Мне сложно сказать, что точно происходит с той стороны, поэтому объясняю для себя это все-таки поспешностью и несогласованностью, которую надо разъяснить всем, до кого мы можем дойти, связаться, дотянуться. Когда поймут, что происходит глупость, уверена, они поменяют решение.
На заседании в Думе (10 октября) очень было странно. Там были люди от бизнеса, которые говорили: «Как же можно инвестиции прекратить в Россию? Мы же не выживем, все уедут». Были чиновники, которые рассказывали, как же важно, чтобы Россия была безопасной, и как опасно, если Америка будет за нами следить. Потом кто-то из депутатов сказал: «Есть две стороны: одна сторона — те, кто хочет безопасности, другая хочет финансов, надо что-то тут думать». Понимаете, здесь же какая ситуация, с точностью до наоборот, — нужно иметь доступ к инвестиционному рынку для безопасности страны. В высоких технологиях они нужны как воздух. Это понимание должно прийти ко всем: и к депутатам, и ко всем остальным. По-моему, сейчас происходит какая-то абсолютная несусветная глупость.
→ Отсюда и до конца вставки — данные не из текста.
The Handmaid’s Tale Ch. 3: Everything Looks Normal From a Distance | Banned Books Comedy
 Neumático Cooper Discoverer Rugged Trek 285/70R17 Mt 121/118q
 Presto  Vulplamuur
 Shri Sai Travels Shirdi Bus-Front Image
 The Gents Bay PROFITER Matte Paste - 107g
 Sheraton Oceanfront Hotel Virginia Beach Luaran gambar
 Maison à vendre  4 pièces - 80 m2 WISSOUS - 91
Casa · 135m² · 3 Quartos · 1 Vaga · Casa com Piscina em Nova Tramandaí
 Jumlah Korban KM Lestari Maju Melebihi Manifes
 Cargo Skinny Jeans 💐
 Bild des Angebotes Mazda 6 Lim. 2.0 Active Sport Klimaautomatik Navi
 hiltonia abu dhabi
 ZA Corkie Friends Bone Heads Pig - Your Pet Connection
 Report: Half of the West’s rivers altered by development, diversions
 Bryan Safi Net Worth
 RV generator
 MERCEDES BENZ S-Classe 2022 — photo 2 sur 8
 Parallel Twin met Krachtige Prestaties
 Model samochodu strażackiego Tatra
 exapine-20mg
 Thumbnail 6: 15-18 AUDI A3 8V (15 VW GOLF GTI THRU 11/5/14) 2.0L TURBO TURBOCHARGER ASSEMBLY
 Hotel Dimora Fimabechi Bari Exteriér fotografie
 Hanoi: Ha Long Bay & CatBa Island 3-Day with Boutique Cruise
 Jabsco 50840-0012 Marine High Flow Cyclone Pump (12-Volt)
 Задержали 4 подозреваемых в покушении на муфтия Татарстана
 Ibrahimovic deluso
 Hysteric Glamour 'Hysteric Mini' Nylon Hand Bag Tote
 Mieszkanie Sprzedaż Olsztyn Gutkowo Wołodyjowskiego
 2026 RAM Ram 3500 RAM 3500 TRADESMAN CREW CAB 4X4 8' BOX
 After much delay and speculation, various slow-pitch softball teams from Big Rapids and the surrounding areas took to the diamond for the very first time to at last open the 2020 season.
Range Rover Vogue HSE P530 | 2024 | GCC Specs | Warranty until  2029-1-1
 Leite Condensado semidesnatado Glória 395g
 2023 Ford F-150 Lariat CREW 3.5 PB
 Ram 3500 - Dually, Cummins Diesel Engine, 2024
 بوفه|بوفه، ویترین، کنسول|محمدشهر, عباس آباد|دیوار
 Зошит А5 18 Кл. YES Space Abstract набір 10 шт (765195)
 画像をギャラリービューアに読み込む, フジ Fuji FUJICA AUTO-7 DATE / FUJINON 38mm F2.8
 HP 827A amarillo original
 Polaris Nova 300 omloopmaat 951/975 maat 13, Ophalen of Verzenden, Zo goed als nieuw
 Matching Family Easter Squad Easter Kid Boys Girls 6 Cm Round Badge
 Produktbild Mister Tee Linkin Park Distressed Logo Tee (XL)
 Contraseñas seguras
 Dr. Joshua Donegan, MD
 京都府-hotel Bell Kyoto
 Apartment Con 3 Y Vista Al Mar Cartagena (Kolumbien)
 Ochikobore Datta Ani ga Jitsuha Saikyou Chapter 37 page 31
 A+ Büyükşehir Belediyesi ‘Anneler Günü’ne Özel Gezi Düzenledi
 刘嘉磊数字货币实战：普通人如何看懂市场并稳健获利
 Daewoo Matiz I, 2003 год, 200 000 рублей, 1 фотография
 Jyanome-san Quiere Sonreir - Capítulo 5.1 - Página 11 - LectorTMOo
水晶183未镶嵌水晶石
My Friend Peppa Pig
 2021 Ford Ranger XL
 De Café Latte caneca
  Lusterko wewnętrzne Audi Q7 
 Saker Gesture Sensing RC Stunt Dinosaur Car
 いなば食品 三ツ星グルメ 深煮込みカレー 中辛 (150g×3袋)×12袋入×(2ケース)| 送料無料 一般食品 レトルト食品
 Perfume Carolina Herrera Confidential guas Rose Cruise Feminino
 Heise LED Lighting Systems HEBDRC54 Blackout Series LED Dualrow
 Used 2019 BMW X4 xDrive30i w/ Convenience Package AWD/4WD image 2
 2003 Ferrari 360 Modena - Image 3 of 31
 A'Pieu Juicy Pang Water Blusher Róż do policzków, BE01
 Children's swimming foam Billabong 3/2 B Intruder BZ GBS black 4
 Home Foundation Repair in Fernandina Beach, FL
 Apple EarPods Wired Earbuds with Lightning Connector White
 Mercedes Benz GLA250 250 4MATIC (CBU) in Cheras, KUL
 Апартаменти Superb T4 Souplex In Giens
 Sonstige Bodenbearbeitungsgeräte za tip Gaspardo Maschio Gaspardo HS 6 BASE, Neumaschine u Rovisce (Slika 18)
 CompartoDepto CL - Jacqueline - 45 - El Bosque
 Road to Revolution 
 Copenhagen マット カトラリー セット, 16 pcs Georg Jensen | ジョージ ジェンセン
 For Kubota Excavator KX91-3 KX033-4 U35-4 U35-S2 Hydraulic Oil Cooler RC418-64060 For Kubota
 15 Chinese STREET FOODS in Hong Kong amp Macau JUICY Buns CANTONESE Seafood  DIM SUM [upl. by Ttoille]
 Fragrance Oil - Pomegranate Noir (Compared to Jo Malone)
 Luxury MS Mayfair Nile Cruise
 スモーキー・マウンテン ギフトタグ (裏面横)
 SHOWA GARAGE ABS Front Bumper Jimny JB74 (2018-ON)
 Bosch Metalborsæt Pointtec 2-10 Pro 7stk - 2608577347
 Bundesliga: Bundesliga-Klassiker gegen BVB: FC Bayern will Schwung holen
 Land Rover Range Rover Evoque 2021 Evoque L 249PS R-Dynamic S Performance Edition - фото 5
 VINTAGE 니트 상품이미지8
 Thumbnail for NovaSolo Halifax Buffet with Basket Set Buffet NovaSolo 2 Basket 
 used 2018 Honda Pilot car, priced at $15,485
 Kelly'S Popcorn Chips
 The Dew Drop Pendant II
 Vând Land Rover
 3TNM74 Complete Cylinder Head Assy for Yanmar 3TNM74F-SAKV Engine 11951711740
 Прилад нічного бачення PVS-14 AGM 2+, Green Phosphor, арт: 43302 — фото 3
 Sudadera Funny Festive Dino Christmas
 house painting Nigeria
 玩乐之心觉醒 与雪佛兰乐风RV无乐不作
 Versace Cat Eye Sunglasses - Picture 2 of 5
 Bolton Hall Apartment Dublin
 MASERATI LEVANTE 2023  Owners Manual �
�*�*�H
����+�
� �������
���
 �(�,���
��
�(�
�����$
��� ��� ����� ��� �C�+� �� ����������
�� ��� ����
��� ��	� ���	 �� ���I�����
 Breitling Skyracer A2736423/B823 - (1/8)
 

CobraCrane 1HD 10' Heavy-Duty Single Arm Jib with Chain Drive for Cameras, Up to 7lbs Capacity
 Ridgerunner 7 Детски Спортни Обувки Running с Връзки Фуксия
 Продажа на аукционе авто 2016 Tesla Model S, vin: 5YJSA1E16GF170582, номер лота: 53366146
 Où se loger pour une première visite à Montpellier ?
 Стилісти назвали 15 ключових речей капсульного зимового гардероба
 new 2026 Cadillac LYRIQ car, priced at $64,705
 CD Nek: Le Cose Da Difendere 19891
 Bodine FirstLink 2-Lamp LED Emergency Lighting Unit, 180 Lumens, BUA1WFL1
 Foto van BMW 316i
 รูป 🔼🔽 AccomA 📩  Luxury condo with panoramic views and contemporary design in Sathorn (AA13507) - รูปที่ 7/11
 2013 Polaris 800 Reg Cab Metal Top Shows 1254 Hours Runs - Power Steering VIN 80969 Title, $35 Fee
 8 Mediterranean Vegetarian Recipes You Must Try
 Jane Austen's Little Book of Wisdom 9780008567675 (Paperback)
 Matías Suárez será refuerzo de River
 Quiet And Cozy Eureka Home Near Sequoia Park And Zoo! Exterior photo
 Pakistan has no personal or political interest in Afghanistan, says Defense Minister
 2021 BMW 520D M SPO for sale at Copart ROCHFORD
— У вас есть дата-центр в Финляндии, и в опубликованных «Незыгарем» документах есть мнение, что надо перенести все данные в Россию. Что именно хранится в Финляндии?
— В Финляндии российские данные не хранятся. У нас много дата-центров в России, есть дата-центр в Финляндии. Понятно, что если появится новый закон, что то-то и то-то должно храниться обязательно в России, вообще не проблема все то, что написано в законе, хранить в России. Мы как раз летом объявляли, что инвестировали 10 млрд руб. в развитие своего дата-центра во Владимирской области.
— Вообще отказаться от зарубежных дата-центров нет смысла?
— Нет смысла отказываться. Это удобно для работы. Сервисы «Яндекса» есть в десятках стран, мы работаем в Европе и даже в Африку недавно «Яндекс.Такси» вышло. Поэтому объективно нужны дата-центры и в других странах, как минимум чтобы быстрее обрабатывать данные.
— Как вы оцениваете техническую продвинутость государства с точки зрения подходов к регулированию интернета? К примеру, есть Роскомнадзор, у которого проблема регулярно с отключением Telegram. И было такое объяснение, что техническая подготовка специалистов на стороне исполнителя хромает, поэтому «рубильник» выключить не удалось. Вы с ними на одном языке разговариваете, концептуально они понимают, как интернет устроен?
— Я думаю, среди них есть те, кто понимает. Например, когда мы только начинали развивать проект самозанятых с ФНС (налоговиками), мы увидели крайне высокую степень понимания технологий с их стороны. Но, конечно, уровень ИT-специалистов везде разный. В любом случае надо стараться, чтобы в России не только оставались, но и хотели вернуться лучшие специалисты.
Пять фактов о Елене Буниной
12 мая 1976 года — родилась в Москве. Отец — политтехнолог, историк, президент фонда «Центр политических технологий» Игорь Бунин (умер в прошлом году).
1998 год — окончила механико-математический факультет Московского государственного университета (МГУ) им. М.В. Ломоносова и математический колледж Независимого московского университета. Доктор физико-математических наук («Автоморфизмы и элементарная эквивалентность групп Шевалле и других производных структур»).
С 2001 года ведет активную преподавательскую деятельность: сначала программирование на механико-математическом факультете МГУ, затем (и по настоящее время) — алгебру на кафедре высшей алгебры МГУ.
С 2007 года работает в «Яндексе». Занимала должность руководителя отдела по работе с академическими программами интернет-холдинга, возглавляла департамент организационного развития и управления персоналом.
С 1 января 2017 года — гендиректор «Яндекса» в России.